Mamuro Nao, Kishi Noriko, Matsuo Yukinori, Yoneyama Masahiro, Inoo Hiroyuki, Inoue Minoru, Mizowaki Takashi
Department of Radiation Oncology and Image-Applied Therapy, Graduate School of Medicine, Kyoto University, 54 Shogoin-Kawahara-Cho, Sakyo-Ku, Kyoto, 606-8507 Japan.
Department of Radiation Oncology, Faculty of Medicine, Kindai University, 377-2, Onohigashi, Osakasayama-Shi, Osaka, 589-8511 Japan.
Int Cancer Conf J. 2025 Jan 21;14(2):113-118. doi: 10.1007/s13691-025-00744-3. eCollection 2025 Apr.

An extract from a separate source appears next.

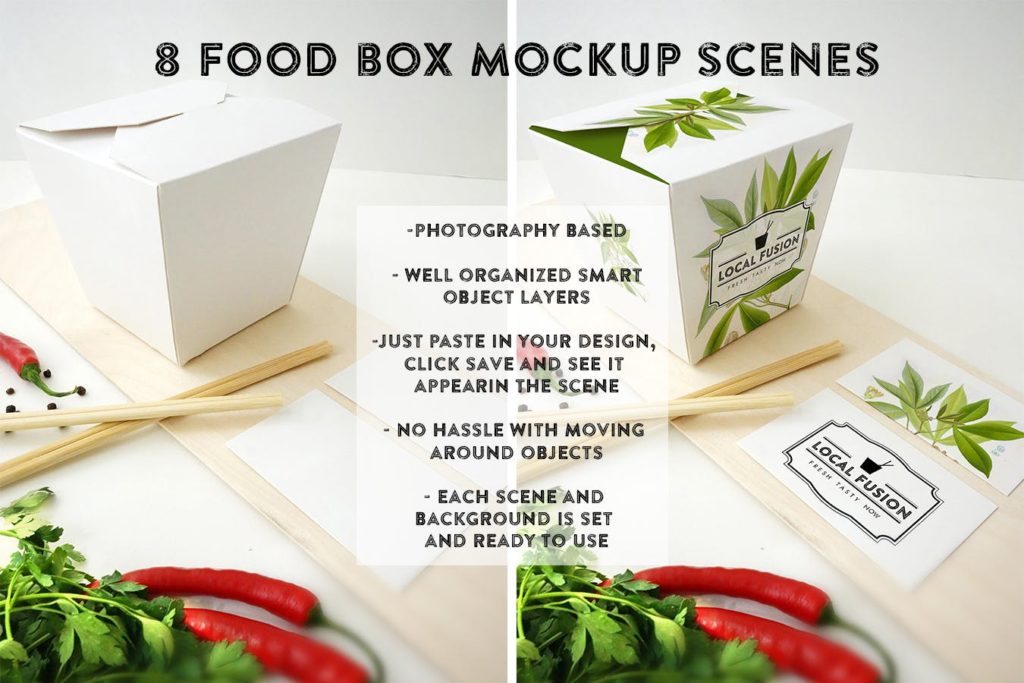 食品盒子包装模型HQ摄影筷子包装Food Box Mocku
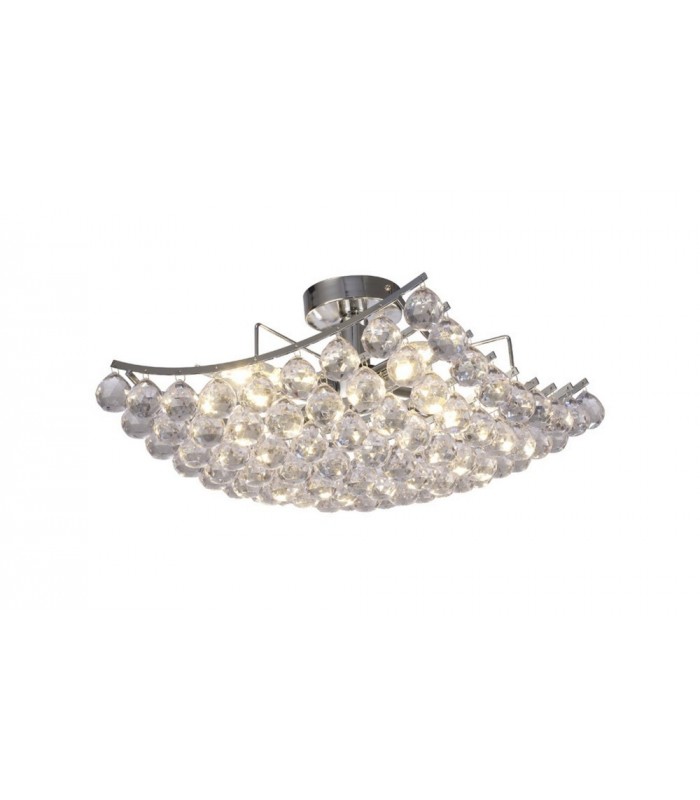 Flush Ceiling Lamp with Acrylic Spheres, 4 Light E14 Polished Chrome - 1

Stereotactic body radiation therapy (SBRT) is the standard treatment for patients who are medically inoperable or who refuse surgery with stage I non-small cell lung cancer (NSCLC). While acute lymphopenia following SBRT is documented, the long-term effects on the immune system and infectious disease remain unclear. In this report, we present two cases of chronic progressive pulmonary aspergillosis (CPPA) occurring within the irradiated field following SBRT for inoperable stage I NSCLC. Case 1 was a man in his 70 s with a history of smoking and a previous pulmonary resection and SBRT for metachronous primary lung cancer. He received SBRT for T1aN0M0 NSCLC in the right lower lobe as his third primary lung cancer. After 20 months, the patient developed a cough and sputum, and a computed tomography (CT) scan revealed a cavity shadow in the irradiated field, which led to the diagnosis of CPPA. Intravenous voriconazole was immediately started, and after 3 week's administration, the symptoms improved, and the cavity disappeared. After 34 months, the patient died with no recurrence of CPPA and lung cancer. Case 2 was a man in his 80 s with a history of smoking and previous pulmonary resection for lung cancer. He received SBRT for T1cN0M0 NSCLC in the right lower lobe as his second primary lung cancer. After 19 months, the patient developed a fever, and a CT scan revealed a cavity shadow in the irradiated field, which led to the diagnosis of CPPA. Oral itraconazole was administered, followed by diarrhea and anorexia. After 22 days, the patient died. During the follow-up period, there was no recurrence of lung cancer. Risk factors for CPPA include a history of smoking and lung resection, common among candidates for pulmonary SBRT. When a cavity shadow develops following SBRT, differentiating consolidation as radiation pneumonitis, local recurrence, or infection can be challenging. When a cavity is identified on a follow-up CT scan after SBRT, it is crucial to include CPPA in the differential diagnosis.
立体定向体部放射治疗(SBRT)是医学上无法手术或拒绝手术的I期非小细胞肺癌(NSCLC)患者的标准治疗方法。虽然SBRT后急性淋巴细胞减少已有记录,但对免疫系统和传染病的长期影响仍不清楚。在本报告中,我们介绍了2例在因无法手术的I期NSCLC接受SBRT后,在照射野内发生慢性进行性肺曲霉病(CPPA)的病例。病例1是一名70多岁的男性,有吸烟史,曾因异时性原发性肺癌接受过肺切除术和SBRT。他作为第三次原发性肺癌,因右下叶T1aN0M0 NSCLC接受了SBRT。20个月后,患者出现咳嗽和咳痰,计算机断层扫描(CT)显示照射野内有空洞阴影,从而诊断为CPPA。立即开始静脉注射伏立康唑,给药3周后,症状改善,空洞消失。34个月后,患者死亡,CPPA和肺癌均无复发。病例2是一名80多岁的男性,有吸烟史,曾因肺癌接受过肺切除术。他作为第二次原发性肺癌,因右下叶T1cN0M0 NSCLC接受了SBRT。19个月后,患者出现发热,CT扫描显示照射野内有空洞阴影,从而诊断为CPPA。给予口服伊曲康唑,随后出现腹泻和厌食。22天后,患者死亡。随访期间,肺癌无复发。CPPA的危险因素包括吸烟史和肺切除术,这在肺部SBRT的候选患者中很常见。SBRT后出现空洞阴影时,区分实变是放射性肺炎、局部复发还是感染可能具有挑战性。SBRT后随访CT扫描发现空洞时,在鉴别诊断中纳入CPPA至关重要。